-- Assignment --
When you copy from the entries that follow, take only the lines from the one with "400W 3.6A Corded Mini Circular Saw" down to the one with "Size 00 Photo 4", keeping both ends and dropping every picture.

-- Data --

>>

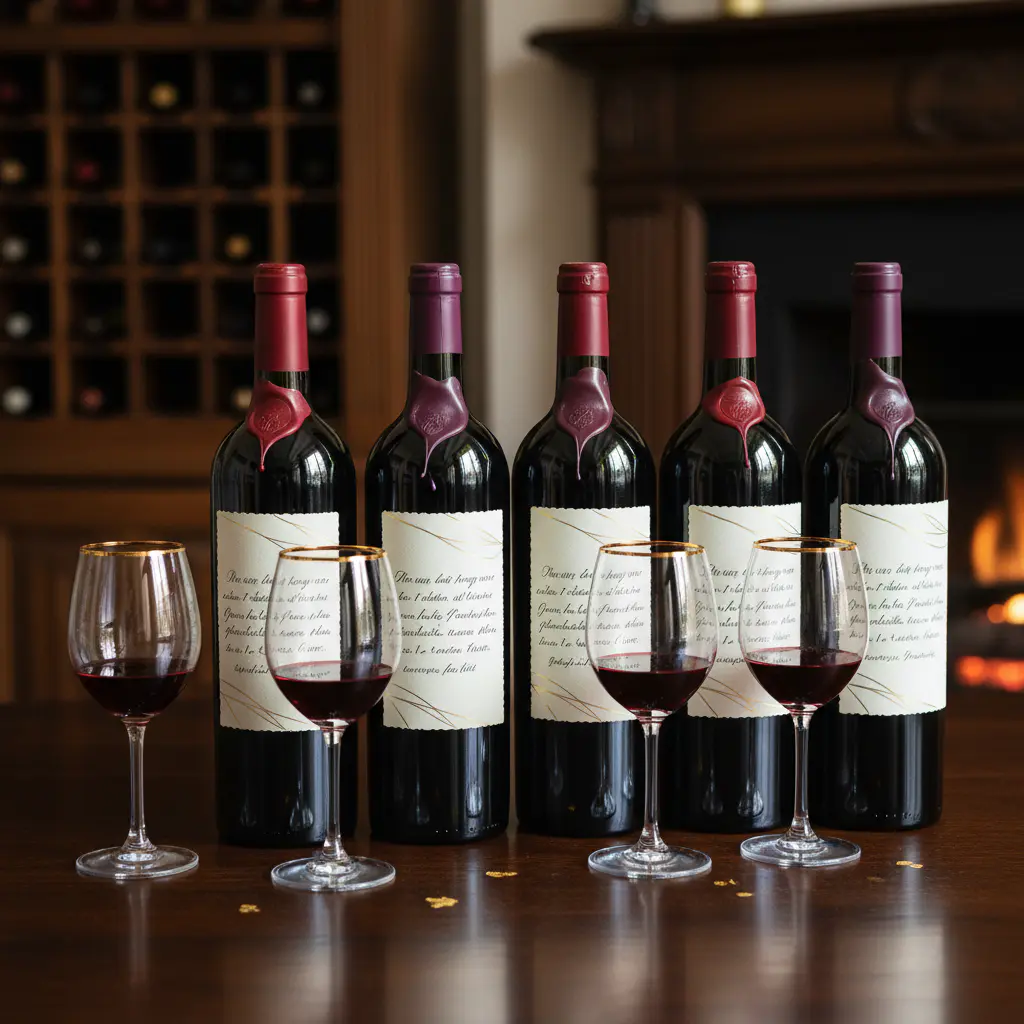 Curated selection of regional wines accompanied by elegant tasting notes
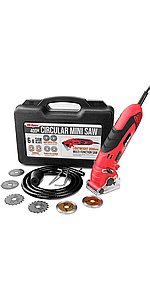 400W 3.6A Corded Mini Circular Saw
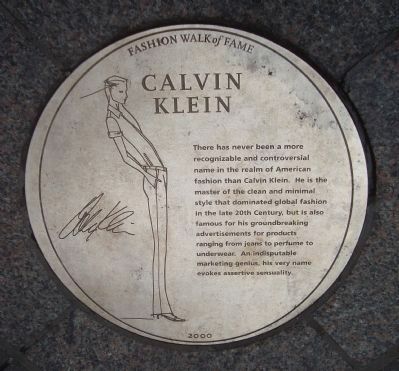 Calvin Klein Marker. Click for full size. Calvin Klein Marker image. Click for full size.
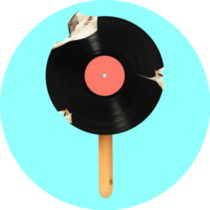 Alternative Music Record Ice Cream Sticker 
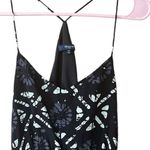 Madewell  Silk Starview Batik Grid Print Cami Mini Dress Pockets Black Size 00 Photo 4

<<
>>

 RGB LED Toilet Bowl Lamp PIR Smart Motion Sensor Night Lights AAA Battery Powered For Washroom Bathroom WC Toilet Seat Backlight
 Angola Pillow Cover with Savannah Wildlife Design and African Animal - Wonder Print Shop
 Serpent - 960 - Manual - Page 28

<<

-- Problem solution --
 400W 3.6A Corded Mini Circular Saw
 Calvin Klein Marker. Click for full size. Calvin Klein Marker image. Click for full size.
 Alternative Music Record Ice Cream Sticker 
 Madewell  Silk Starview Batik Grid Print Cami Mini Dress Pockets Black Size 00 Photo 4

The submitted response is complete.